We tested the feature against a real local Docker daemon, not a mocked success response. The smoke built a tiny fixture whose health endpoint returns its APP_VERSION.

The sequence was:

  1. Deploy the fixture with APP_VERSION=v1 through Appaloft.
  2. Change the Resource configuration to v2 through the formal configuration operation.
  3. Redeploy through Appaloft and query Deployment Proof.
  4. Replace the current container externally with a healthy container serving v1 and carrying the old deployment/config labels.
  5. Query the same proof again.

After the formal redeploy, the result was verified. The workload identity changed, the configuration fingerprint changed, health passed, and access passed. The runtime reported the immutable image digest it had resolved.

Then came the useful part. The externally replaced container still returned a healthy JSON response:

{
  "healthStatus": "ok",
  "servedVersion": "v1",
  "proofVerdict": "stale",
  "mismatches": [
    "workload_generation_mismatch",
    "configuration_fingerprint_mismatch",
    "public_access_failed",
    "access_route_workload_mismatch"
  ]
}

HTTP 200 did not rescue the verdict. The running workload was healthy, but it was not the workload created by the deployment under review.

Where the evidence comes from

For local Docker and Docker Compose deployments, Appaloft finds the container by its Resource label and inspects its image identity, workload labels, start time, health, route ownership, and safe configuration fingerprint. Docker Swarm uses the corresponding service identity and update generation.

The application layer does not know Docker commands. It asks a runtime evidence port for normalized observations, then evaluates those observations against deployment state. This keeps the verdict logic testable and lets another runtime adapter provide equivalent evidence without changing the query contract.

Generic SSH deployments currently report an explicit evidence gap when no capable runtime readback adapter is present. That produces a non-verified verdict. We prefer an honest gap over inferring success from an execution record.

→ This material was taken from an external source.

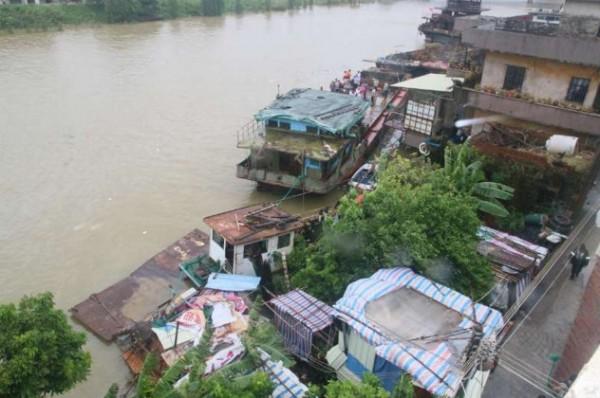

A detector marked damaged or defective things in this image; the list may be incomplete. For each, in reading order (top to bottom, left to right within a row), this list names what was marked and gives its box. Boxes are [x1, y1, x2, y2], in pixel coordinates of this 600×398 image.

AI and GitHub checks use the same rule

The Appaloft skill now tells agents to read deployments.proof after observing deployment progress. An agent may describe a terminal state, but it may only claim success when the verdict is verified.

Cloud’s GitHub-check summary follows the same mapping. A green workflow is input evidence, not the final judgment. The control plane still has to reconcile what was requested with what is running.

That gives CLI users, the Web console, an MCP client, and an automated check one answer instead of four loosely related interpretations.

Read the deployment lifecycle documentation for the command and verdict model. For the provenance side of the problem, see what evidence a GitHub Actions deployment should leave behind.

The next adapters will have to earn verified with their own runtime evidence. That is the point of the verdict: unsupported readback remains visible instead of disappearing behind a green status.